Japan receives tens of millions of visitors a year, and the story of that tourism - where people go, how they get there, what they find, and what they cost the places they visit - is one of the most consequential ongoing stories in the country. This category covers *everything* about travel to and within Japan: destinations, logistics, policy, and the social dynamics that shape what it actually means to be a visitor here.

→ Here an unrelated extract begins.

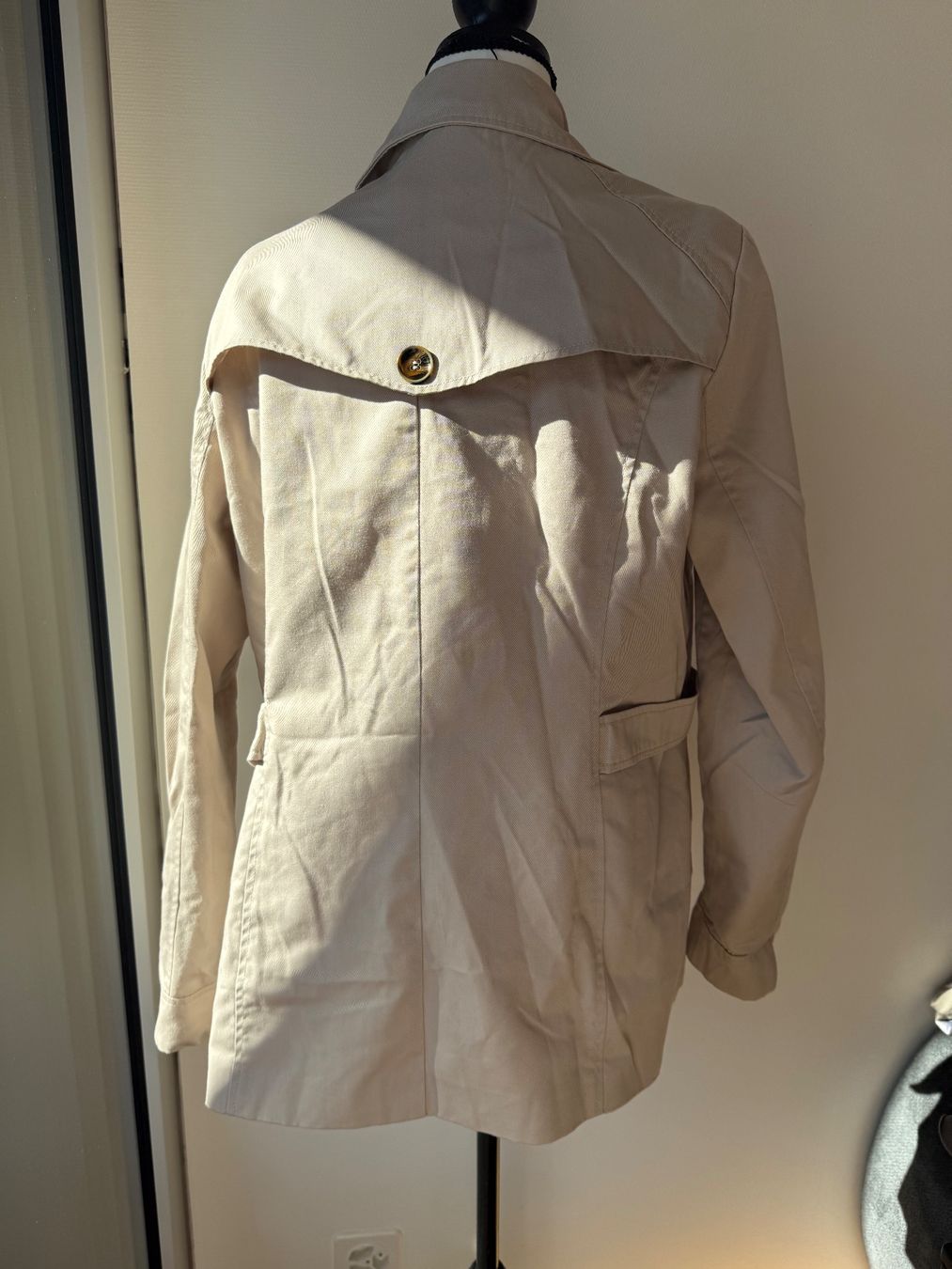 Orsay Cappotti: Orsay Damen Übergangsjacke, Beige – Usato da Riehen venduto da ann_76jw 6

We write about travel the way we write about everything else: with an eye on the underlying tensions, not just the itinerary. That means reporting on dual-pricing debates at heritage sites alongside the local governments and community groups navigating visitor overload. It means covering transportation options and safety risks from a perspective rooted in Japanese-language sources and on-the-ground reporting, not tourism board releases.
The themes we keep harping on reflect the reality of Japan's post-pandemic tourism boom: the friction overtourism is generating in residential neighborhoods and at sacred sites; the quiet emergence of cities like Fukuoka and overlooked regions like Shikoku and Suwa as serious alternatives to saturated corridors; the practical concerns facing particular kinds of travelers, including women traveling alone and visitors contending with summer heat that has become a genuine safety issue. We track the cultural phenomena that blur tourism and daily life (from convenience-store pilgrimages to kissaten hanging on in a changing landscape) alongside the policy moves that will shape who can visit, and where, in coming years.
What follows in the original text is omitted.